Pictures with short captions:

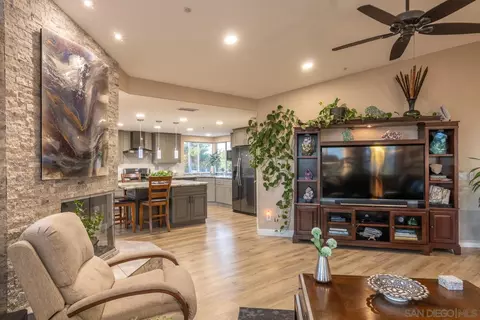 Living - 10111 Circle P Ln, Escondido, CA 92026 photo 2 of 3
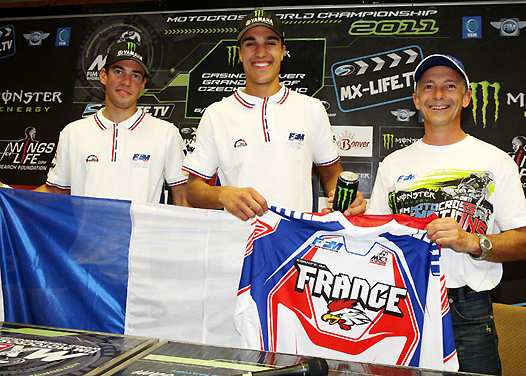 <b>Steven Frossard - Yamaha, Gautier Paulin - Yamaha et Olivier Robert - Entraineur National FFM (photo Pascal Haudiquert/Mediacross/FFM)</b>
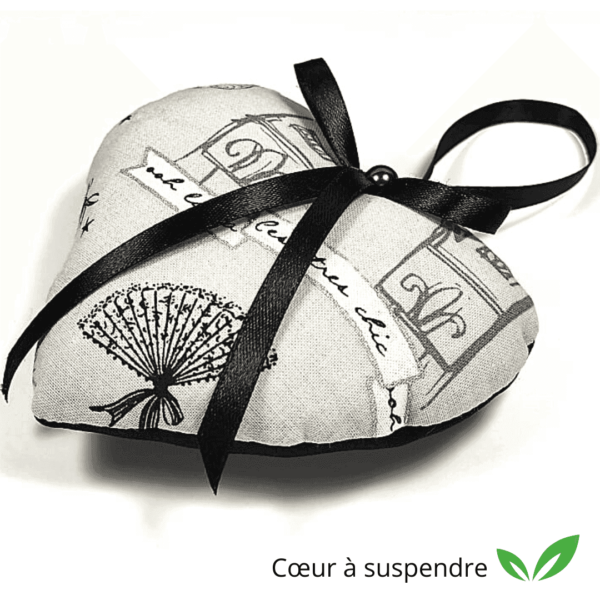 Coussin Cœur décoratif à suspendre « Oooh la la. C’est très chic »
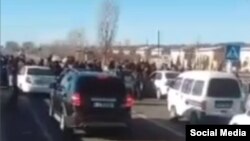 Митингующие перекрыли дорогу в Пахтакорском районе Джизакской области 11 января – скриншот видео.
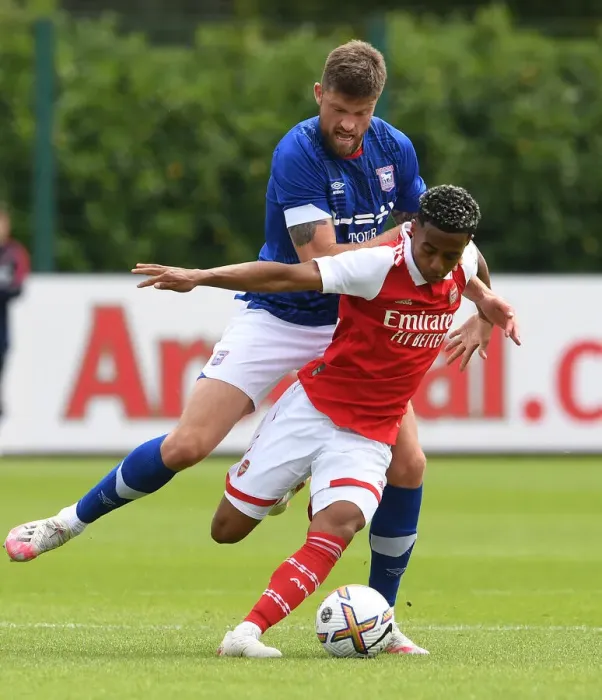 Framed Print : Arsenal's Omari Hutchinson: A Shining Star in Pre-Season Victory over Ipswich Town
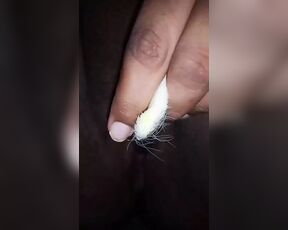 Big Indian Pussy Play With Makeup Brush Insertion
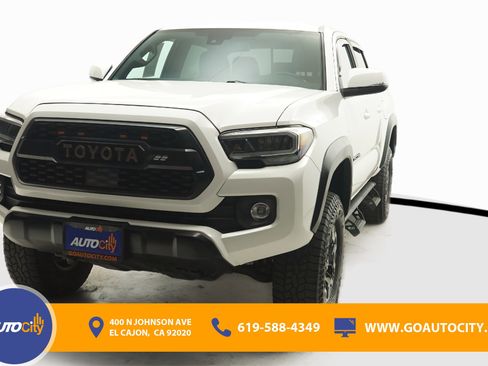 Used 2022 Toyota Tacoma TRD Off-Road w/ Technology Package image 1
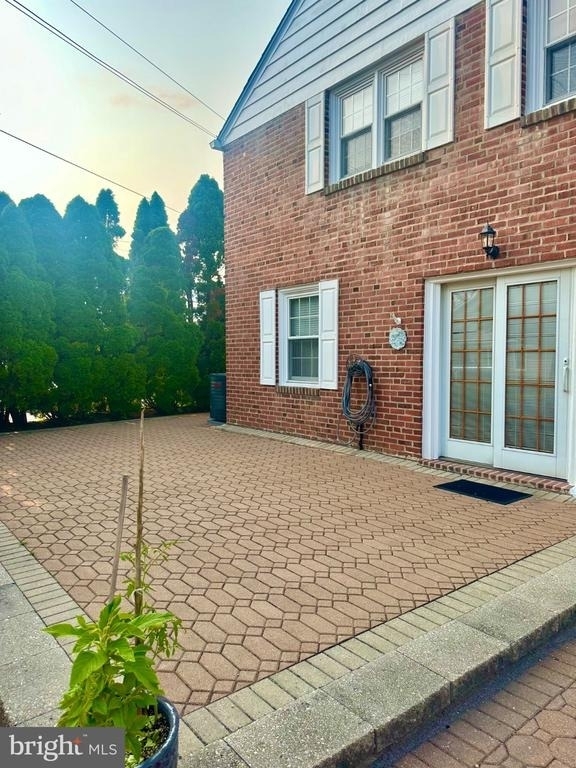 2432 W Chester Pike - Photo 6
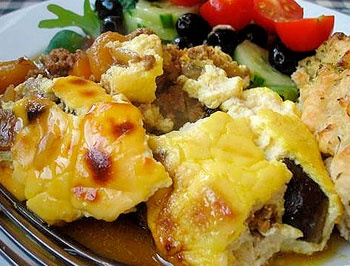 La gastronoma y el ftbol en Sudfrica-2010, es hora de probar el pollo a la Peri-Peri, los Sosaties (especie de kebab de carne con salsa picante), el Potjiekos (guiso de verduras y carne), el Braai (carne asada) o el Biltong (carne seca y salada) para los safaris.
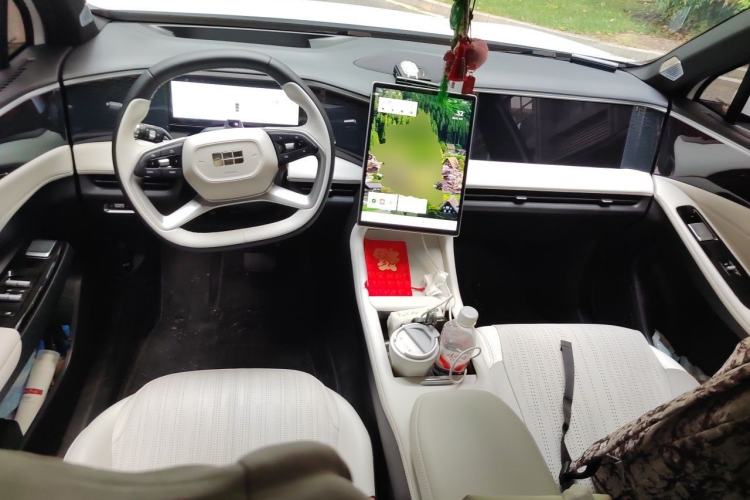 Used Geely Galaxy L7 2023 1.5T 115 km Starship Center Console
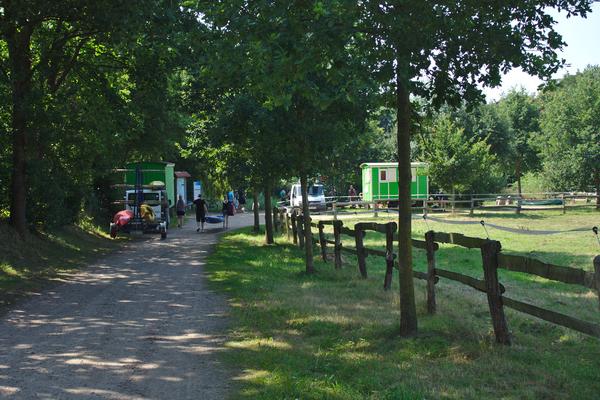 Weg zur Einsetzstelle an der Kanustation Bienenbüttel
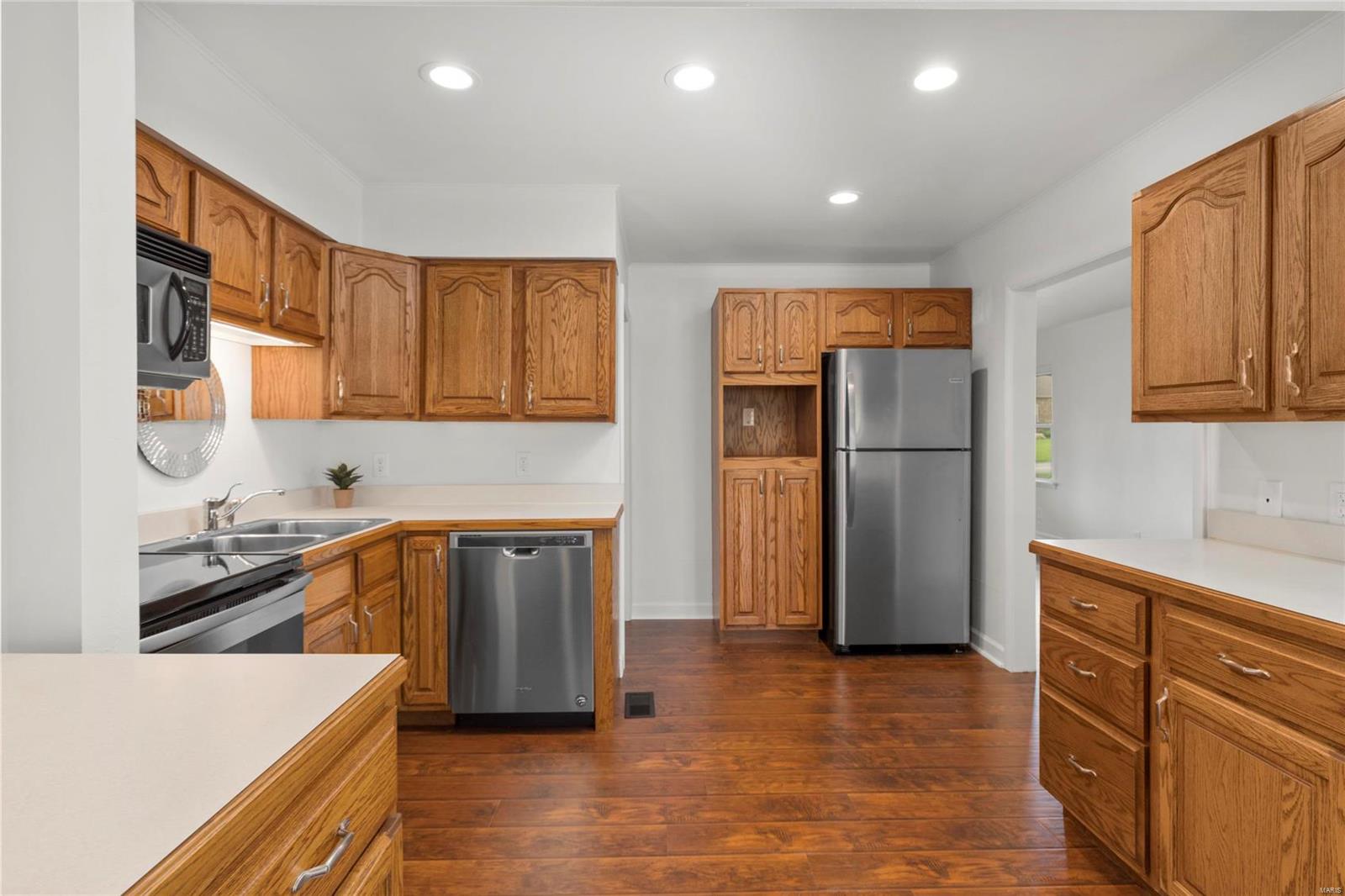 6407 Weber Road St. Louis, MO 63123 - Photo 8 of 35 Gallery Image 8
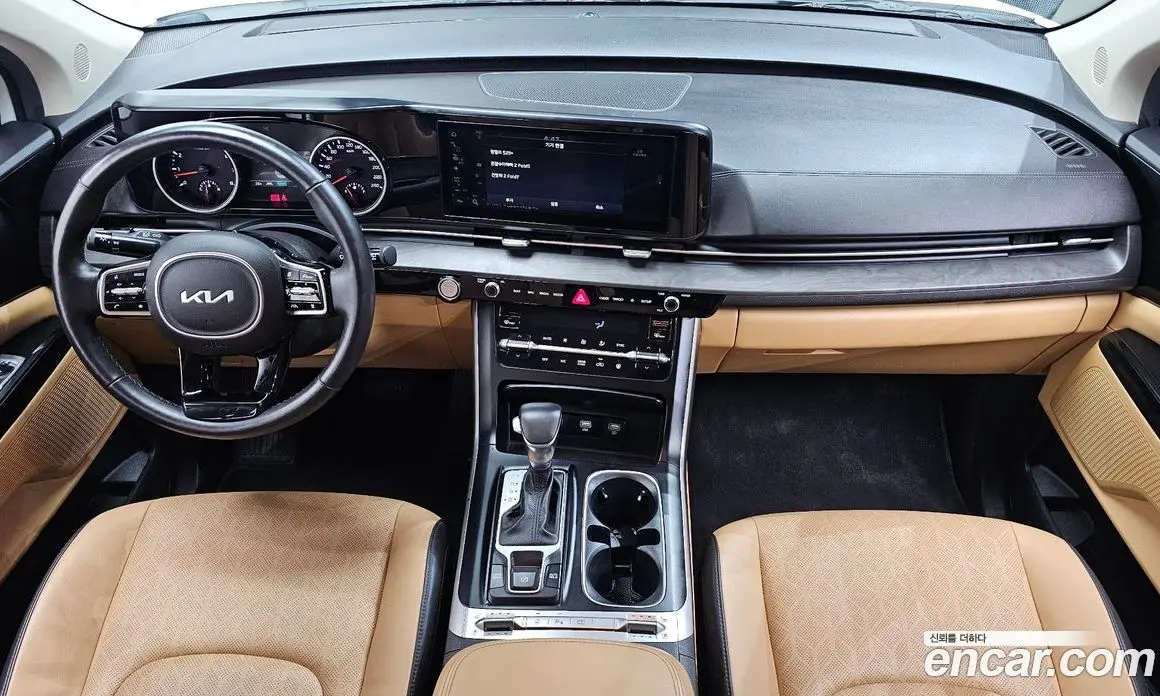 Kia Carnival 2022 3.5 автомат (гидро), фото 10 Kia Carnival 2022 3.5 автомат (гидро), фото 10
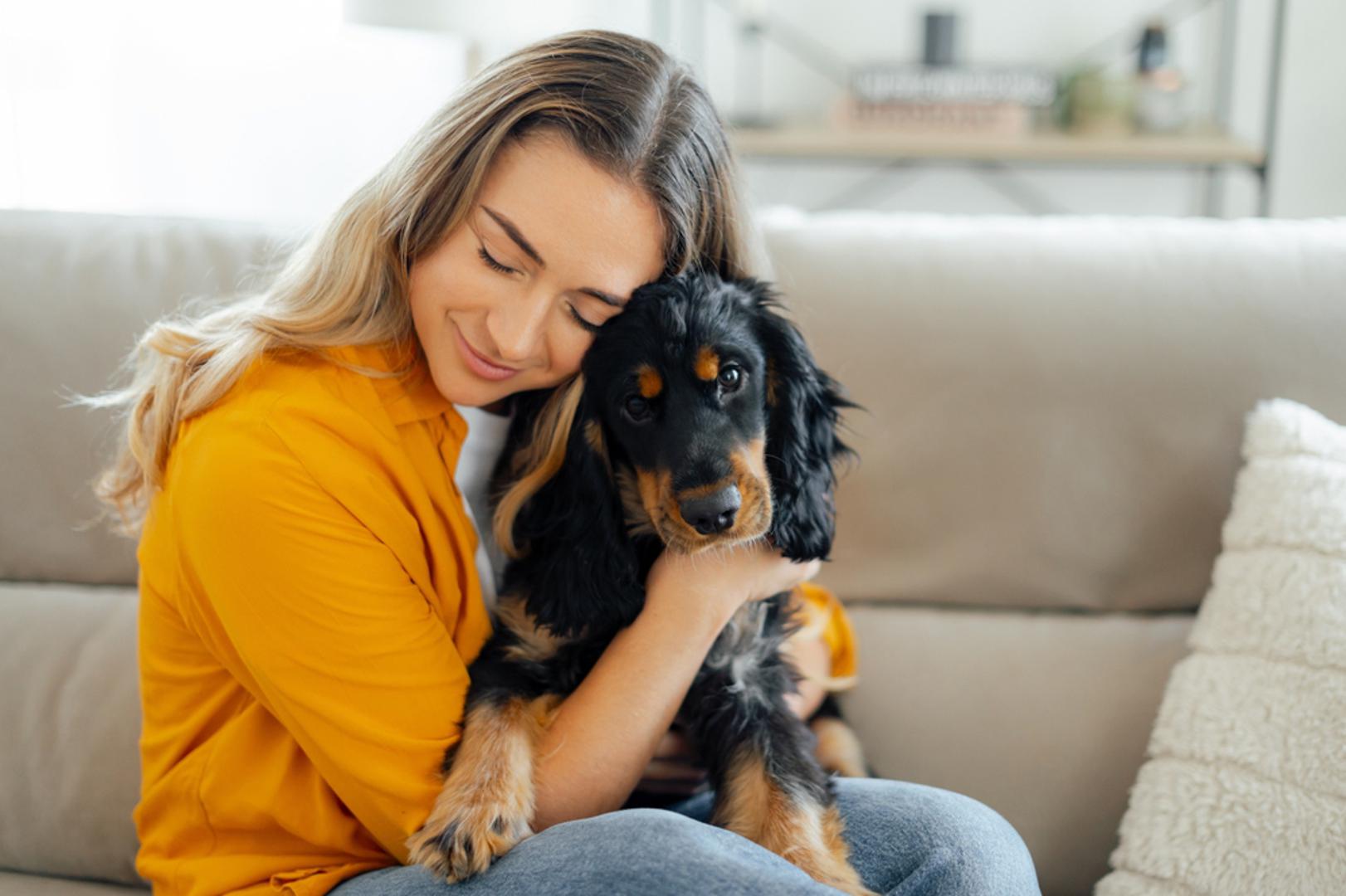 Takvi psi lakše 'čitaju' emocije vlasnika i spontano nude ono što nam najviše treba, a to je prisutnost. Naravno, svaki pas je individua, ali ove pasmine često se spominju kao društvo koje umiruje. Stoga, ako vodite užurban život i često se osjećate napeto i frustrirano, možda biste trebali nabaviti jednog od ovih četveronožnih terapeuta.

▸ **Work to complete**: The reply should hold an exact repeat of the entries from their opening line through the line with "Митингующие перекрыли дорогу", and no pictures at all.

▸ **Response to this task**:
 Living - 10111 Circle P Ln, Escondido, CA 92026 photo 2 of 3
 <b>Steven Frossard - Yamaha, Gautier Paulin - Yamaha et Olivier Robert - Entraineur National FFM (photo Pascal Haudiquert/Mediacross/FFM)</b>
 Coussin Cœur décoratif à suspendre « Oooh la la. C’est très chic »
 Митингующие перекрыли дорогу в Пахтакорском районе Джизакской области 11 января – скриншот видео.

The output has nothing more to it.